How To Cool 3D-ICs

Tool chains need improvement as chipmakers begin stacking AI chips, increasing the thermal density and unpredictability over time.

popularity

Experts at the Table: Semiconductor Engineering sat down to discuss how to cool 3D-ICs and what’s missing from the tool chain today, with John Ferguson, senior director of product management at Siemens EDA; Mick Posner, senior product group director for chiplet at IP solutions in Cadence’s Compute Solutions Group; Mo Faisal of Movellus; Chris Mueth, new opportunities business manager at Keysight Technologies; and Amlendu Shekhar Choubey, senior director of product management for Synopsys’ 3D-IC compiler platform. To view part one of this discussion, click here and part three here.


L-R: Keysight’s Mueth; Synopsys’ Choubey; Siemens EDA’s Ferguson; Movellus’ Faisal; Cadence’s Posner.

SE: A lot of the 3D-IC designs are one-offs for systems vendors. In many cases they will not be sold commercially, right?

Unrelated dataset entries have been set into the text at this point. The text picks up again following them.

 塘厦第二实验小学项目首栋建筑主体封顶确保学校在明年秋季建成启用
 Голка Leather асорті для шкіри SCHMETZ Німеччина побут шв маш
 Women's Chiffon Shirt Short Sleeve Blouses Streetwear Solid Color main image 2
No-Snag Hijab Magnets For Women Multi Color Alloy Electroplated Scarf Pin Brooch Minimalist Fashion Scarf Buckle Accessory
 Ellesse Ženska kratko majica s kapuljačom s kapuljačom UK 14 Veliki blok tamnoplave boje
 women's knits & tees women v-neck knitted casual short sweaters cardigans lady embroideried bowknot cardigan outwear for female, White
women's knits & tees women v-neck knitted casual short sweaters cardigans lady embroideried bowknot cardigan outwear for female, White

Choubey: Some of it. One thing I’m seeing is that power delivery and thermal can be custom to an application. But we think you can develop platforms where you have the capability to do incremental analysis. Let’s say you’re stacking and you don’t even have RTL. You haven’t even zeroed in on your technology. But you can still have a platform where you can understand, and analyze, and see how your power delivery is going to work, what your TSV or bump planning should be, and then do a pretty early thermal analysis to understand what thermal and mechanical stress are going to be. As they mature RTL, they keep on refining that, which is definitely possible. When I look at the use cases leading the market for electronic design, it’s AI workloads. You need to manage AI on a monolithic die, or even a 2.5D interposer-based design. You have to grow vertically. You have to use all the real estate you have. And one part of the real estate is vertical. The innovators and companies that really want to advance into AI computing will have to take advantage of that. How do we make that possible? That’s the challenge for the ecosystem, for foundries, and for EDA companies. How do you make sure you can manage the whole process so it becomes cost-effective? This is a challenge that needs to be solved. You don’t have a way out of it.

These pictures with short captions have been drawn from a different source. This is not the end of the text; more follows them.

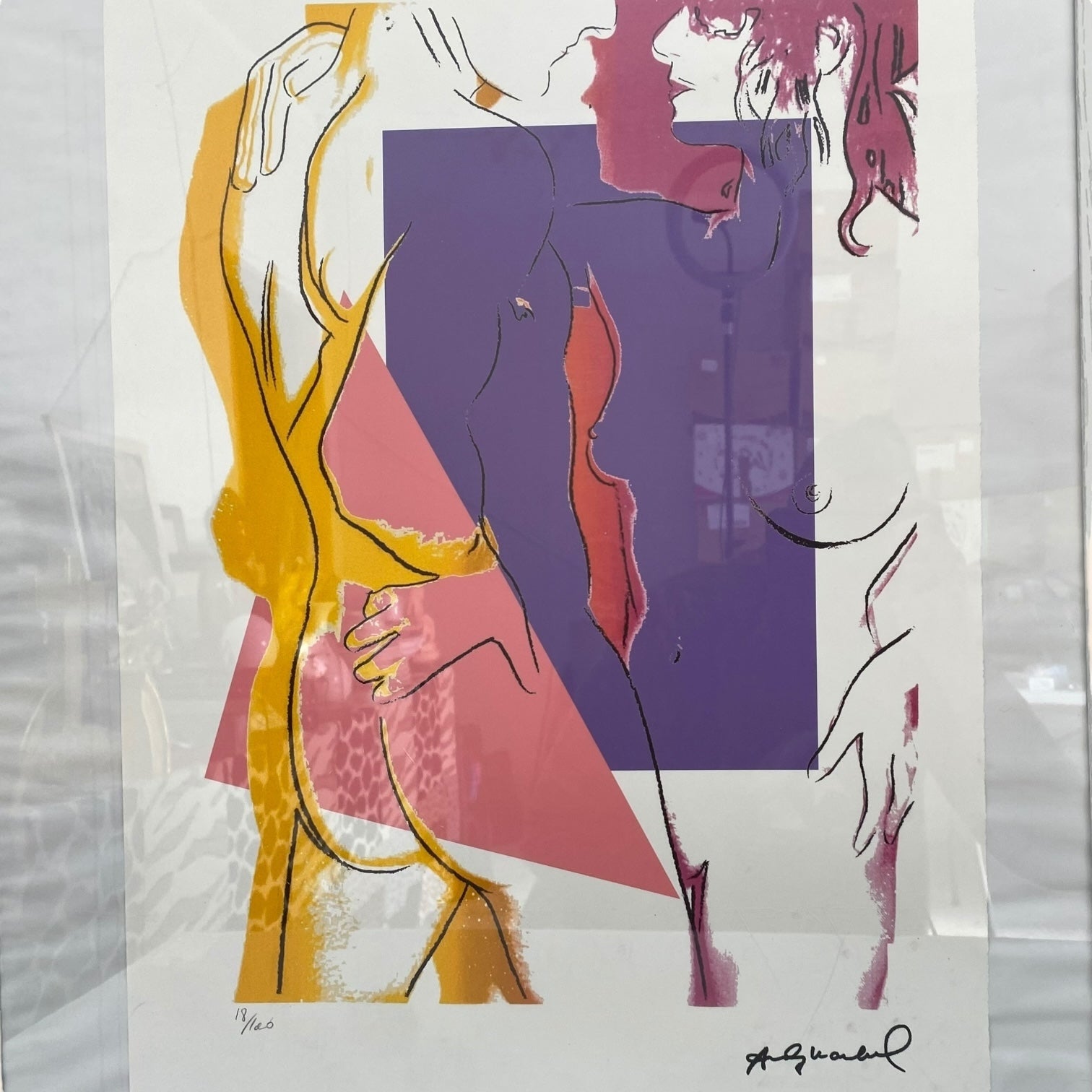 Litografía Love de Andy Warholl con certificado de autenticidad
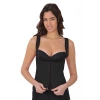 MARSiLYAN-  Siyah MI 9173 Terletici Agraflı Göğsü Açık Atlet Korse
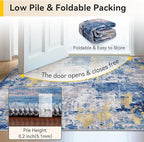 RELEANY Washable 3'x4' Abstract Area Rug - Image 5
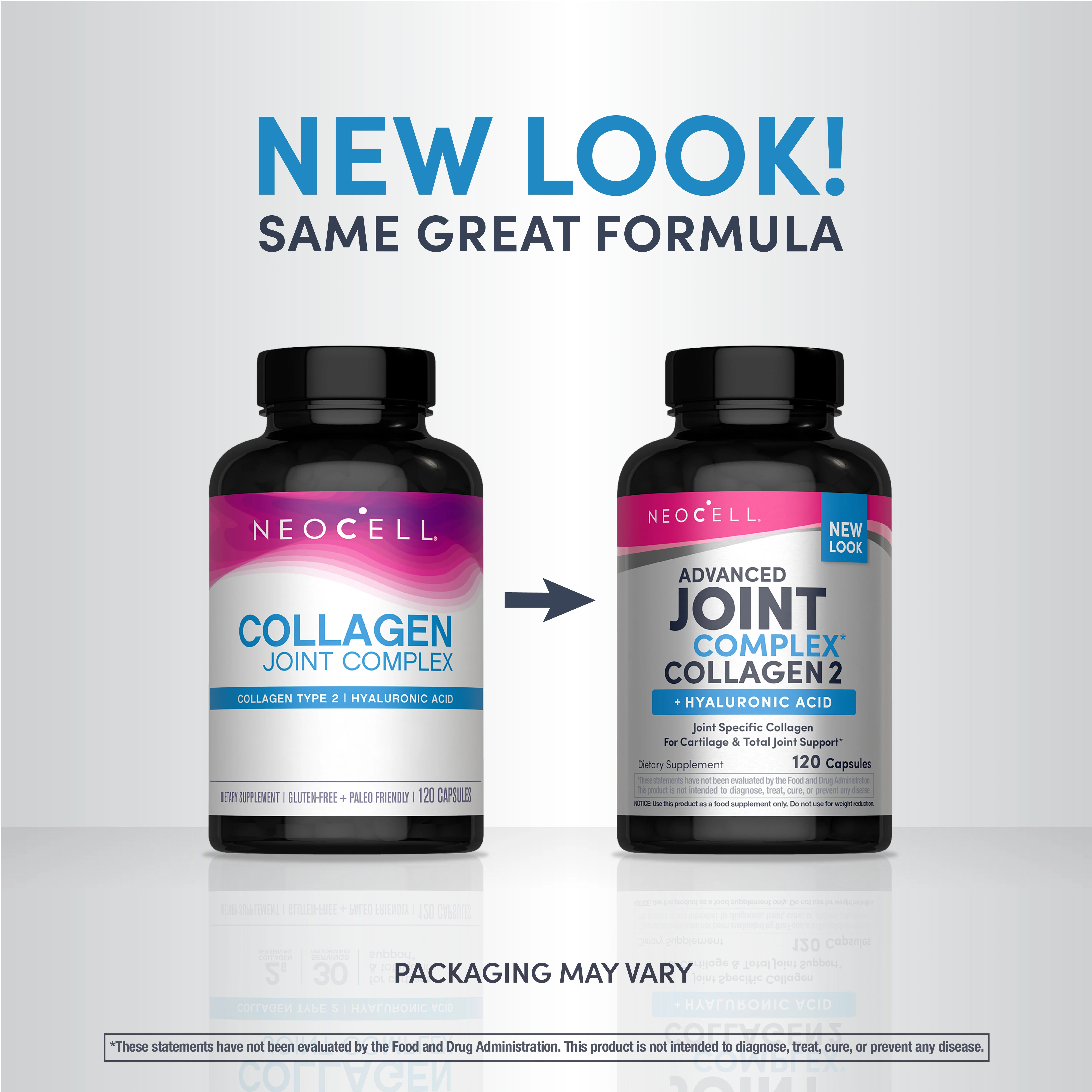 Joint Complex Collagen Type 2 + Hyaluronic Acid, 120 Capsules - Image 3
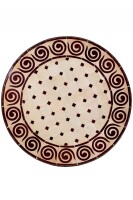 Table en mosaïque marocaine « Spirale » Ø 60 cm | Fabriquée à la main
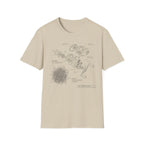 10lbs Grass 1lbs Bass Diagram T-Shirt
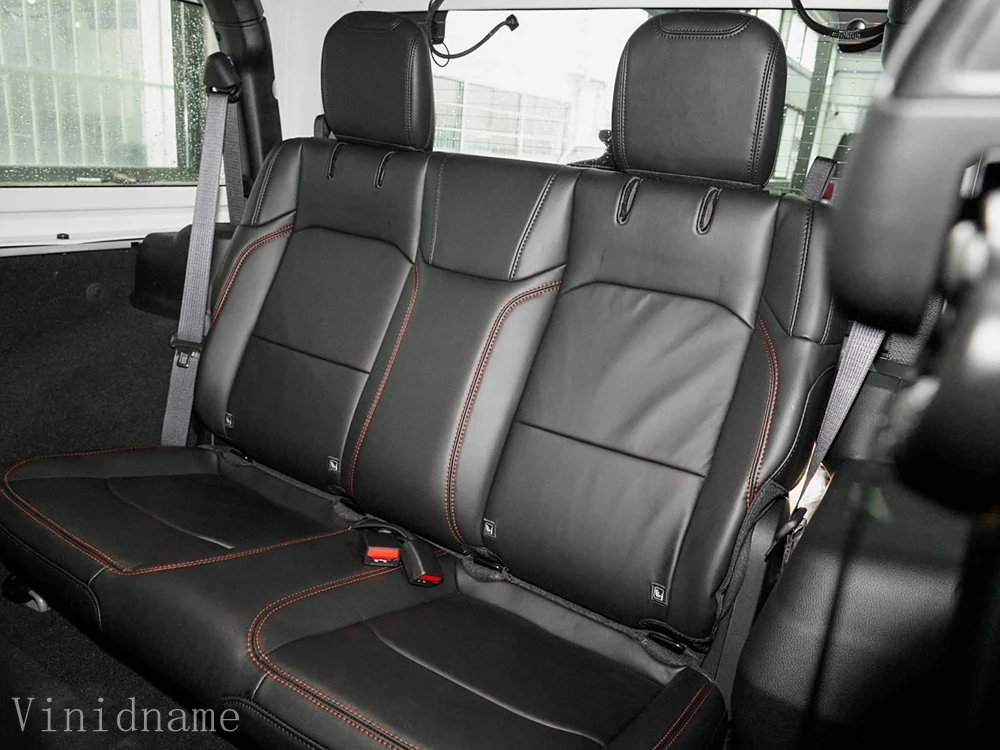 Picture 4: For Jeep Wrangler IV JL 2 Doors 2017 2018 2019 2020 2021 2022 2023 2024 2025 PU Leather Custom Car Seat Covers Full Set
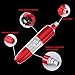 Eyebrow Microblading Tattoo Gun Kit - Professional Tattoo Pen & Brow Pencil Set for Microblading Supply, Semi-Permanent Makeup Tattoo Machine with 50Pcs Needles for Artists Starter (Red, TP39)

Posner: TSMC gets to do that because they’re building everything. The one-size-fits-all is the only way to manage the complexity.

Mueth: You treat it like it’s a new foundry node, in a sense. But you don’t tell the foundry what to do.

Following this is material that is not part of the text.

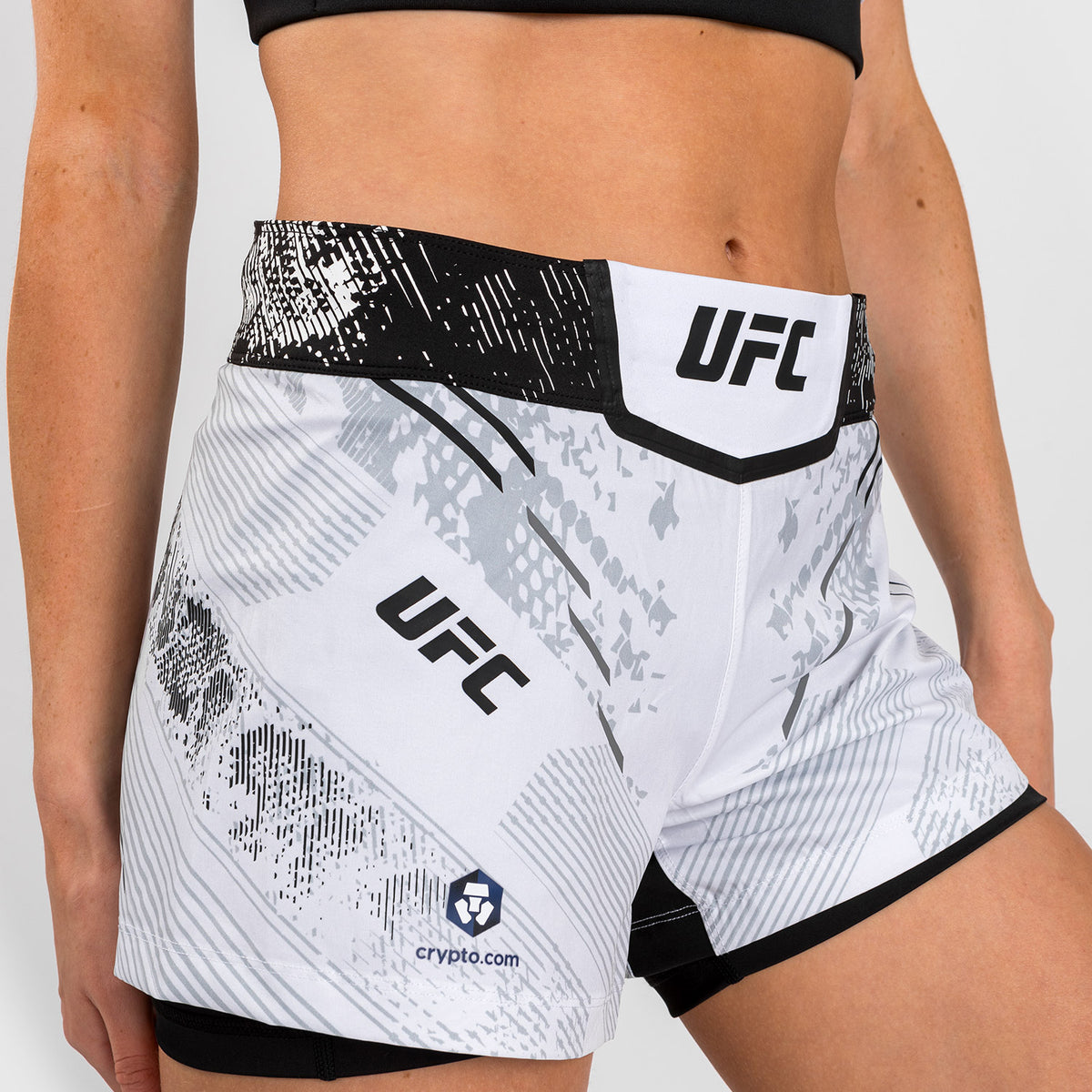 Short de Combat pour Femmes UFC Adrenaline by Venum Authentic Fight Night - Blanc - product-type_Shorts de MMA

SE: So it’s like a new set of restrictive design rules?

Mueth: Yes, with the manufacturing built in.

Choubey: If you look across foundries, there are a few fundamentals emerging. You have your organic interposer, silicon interposer, and bridge technologies, and then you have this wafer-on-wafer kind of thing, which is mostly TSMC right now. But if you look across boundaries, there are three fundamental technologies helping you grow out of the reticle-size box. We can develop an ecosystem around that, which takes these three technologies and makes them more accessible, more cost-effective, and more predictable. That’s where we need to go.

SE: The biggest problem everyone has is thermal density due to the amount of logic being packed in. How do you cool these things? Is it all going to be direct cooling or immersion cooling, or something else?

Ferguson: All of the above. You have micro-coolers. There are thermal interposers, but then you have to watch out for CTE mismatches. And there is convection, where you can get it. It’s anything and everything.

Choubey: It depends on how much power you’re burning and what kind of cooling you will need. But that part of the technology also will have to progress along with the process part.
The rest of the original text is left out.